Merkez Bankası, reel kur endeksi hesaplıyor. Merkez Bankası bu hesabı 2003 baz yılına göre yapıyor. Ayrıca gelişmiş, gelişmekte olan ülkeler ve ortalaması olarak hesaplıyor. Bu endeksler, Türkiye deki fiyat seviyesinin dış ticaret yaptığımız ülkelerdeki fiyat seviyesine oranıdır. Bu oran geometrik ortalama olarak hesap edilmektedir. Ortalamaya 22 gelişmiş ve 15 gelişmekte olan ülke girmektedir.
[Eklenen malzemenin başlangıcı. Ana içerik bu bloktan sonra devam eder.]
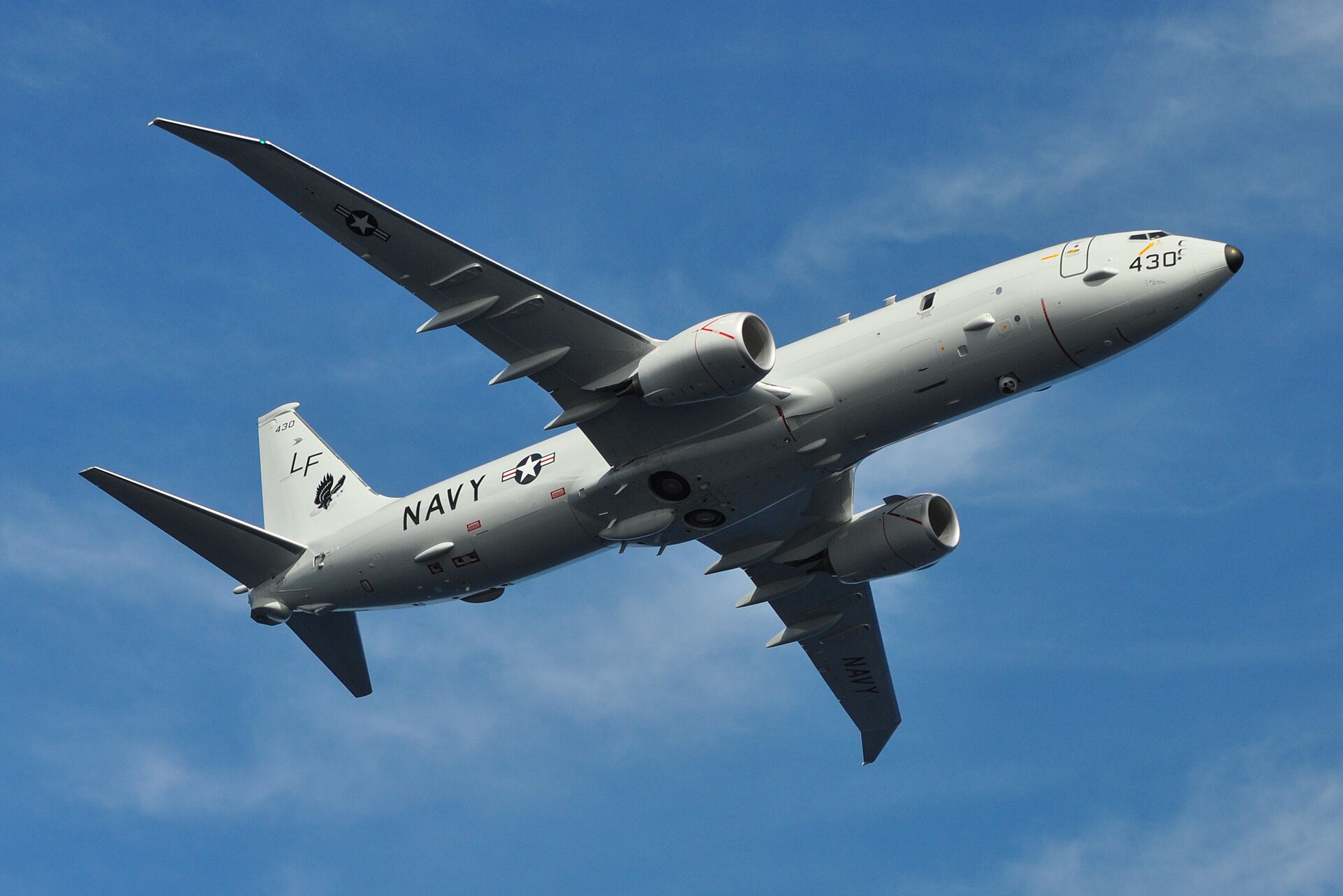 US Navy P-8A Poseidon maritime patrol aircraft in flight, showing sensor dome and twin-engine configuration used for Gulf surveillance operations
Merkez Bankası reel kur endeks değeri 100 ‘ün üstüne ise TL aynı oranda değerli demektir. Başka bir ifade ile, Türk mallarının yabancı mallar cinsinden fiyatının yüksek demektir.
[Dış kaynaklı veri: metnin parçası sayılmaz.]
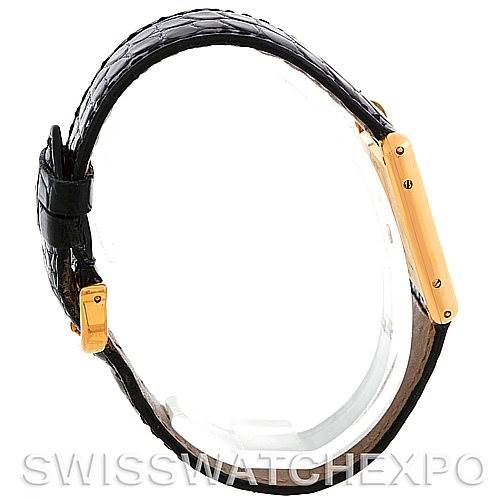 The image shows a side view of the Cartier Tank Classic Men's Yellow Gold White Dial Men's Yellow Gold White Dial, highlighting its black strap and gold watch case.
Merkez Bankası en son 14 ocak 2014 tarihli reel kur endeksini açıkladı. 14 ocakta TÜFE bazlı ortalama reel kur endeksi yüzde101.23 tür. 14 ocak 2014 tarihinde dolar kuru 221.69’dur. Yani 14 ocakta TL hala yüzde 1.23 oranında değerlidir.
Diğer ülkelerin ocak ayı enflasyon ortalamasını bilmiyoruz. Türkiye de ise Ocak ayında TÜFE oranı yüzde 1.98 oldu. Bu farkı farazi olarak yüzde 1 kabul edersek , bu demektir ki , reel kur endeksi hesabına göre Ocak ayı sonunda dolar kurunun yaklaşık olarak 2.27 lira olması gerekir. 31 ocakta dolar kuru da 2.27 idi. Yani bu fiyatta reel kur dengesi sağlanmış demektir.
Sonuç olarak , Kurların bu günkü seviyesi normal seviyelerdir. Geçmiş yıllarda kurlar ,sıcak para ve Merkez Bankası tarafından baskı altında olduğu için TL aşırı değer kazandı. Bu nedenle yerli mallar yabancı mallar karşısında fiyat açısından rekabet edemedi. Üretimde kullanılan aramalı ve hammadde daha ucuza geldiği için , içerde fabrikalar kapandı ve üretimde aramalı ve hammadde olarak ithalat oranı yüzde 70 oldu.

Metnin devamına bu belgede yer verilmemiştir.